Dobbiamo forse scandalizzarci, spaventarci, o magari, far finta di nulla? A me piace ricordare un magistrato che nella sua vita aveva fatto del suo antifascismo una ragione di vita. Luigi Bianchi d´Espinosa aveva 32 anni ed era giudice presso il tribunale di Firenze quando il prefetto repubblichino inviò l´ordine di sostituire il ritratto di Vittorio Emanuele terzo con quello di Mussolini. Il sito dell´ANPI riporta un brano della lettera con la quale Bianchi d´Espinosa informò della sua decisione di non frequentare più il tribunale e precisò al prefetto: “…non interpreti…come una lettera di dimissioni. Le dimissioni infatti potrei darle soltanto al legittimo governo d´Italia; non a chi usurpa tale nome con le armi straniere ed in violenza patente delle norme del diritto internazionale di guerra. Il mio atteggiamento non costituisce che una resistenza ad arbitrarie violenze, nel solo modo in cui questa resistenza è possibile: rifiutando ogni collaborazione col nemico e con quegli italiani che al nemico si sono venduti”.
Dal tribunale di Firenze il magistrato passò ai nuclei della Resistenza e poi alla giunta militare del Partito d´Azione.
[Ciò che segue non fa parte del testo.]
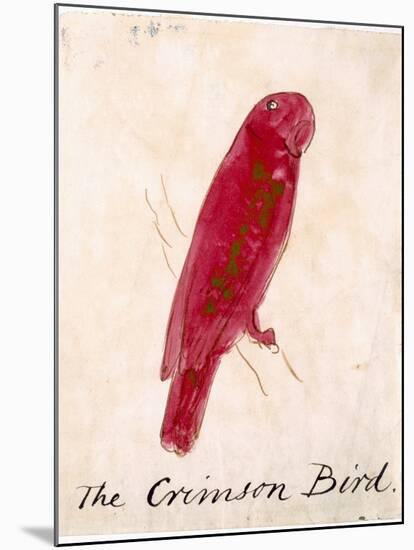 The Crimson Bird, from Sixteen Drawings of Comic Birds-Edward Lear-Mounted Premium Giclee Print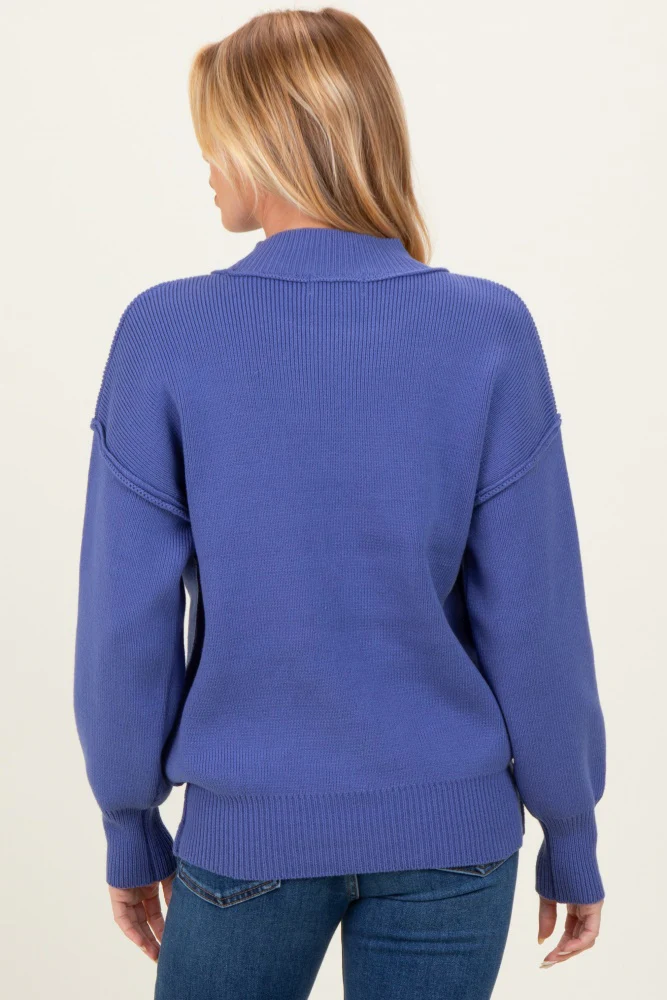Purple Wide Neck Drop Shoulder Maternity Sweater - Image 7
Dopo la guerra arrivò al tribunale di Milano e fu lì che nella sua veste di procuratore generale, decise di procedere nei confornti di Giorgio Almirante , segretario del Movimento sociale e di un gruppo di dirigenti del partito accusandoli di aver ricostituito il partito fascista in violazione della XII norma transitoria della Costituzione. Bianchi d´Espinosa era un vero azionista, non un uomo di sinistra, non un comunista. Morì poco dopo aver chiesto al Parlamento l´autorizzazione a procedere contro Almirante e i suoi camerati. “Aveva il carattere inaudito di amare la democrazia e rispettare la Costituzione” scrisse semplicemente di lui Giorgio Bocca.
E questo amore e questo rispetto lo avevano guidato il giorno in cui scrisse al prefetto di Firenze che lui non si vendeva.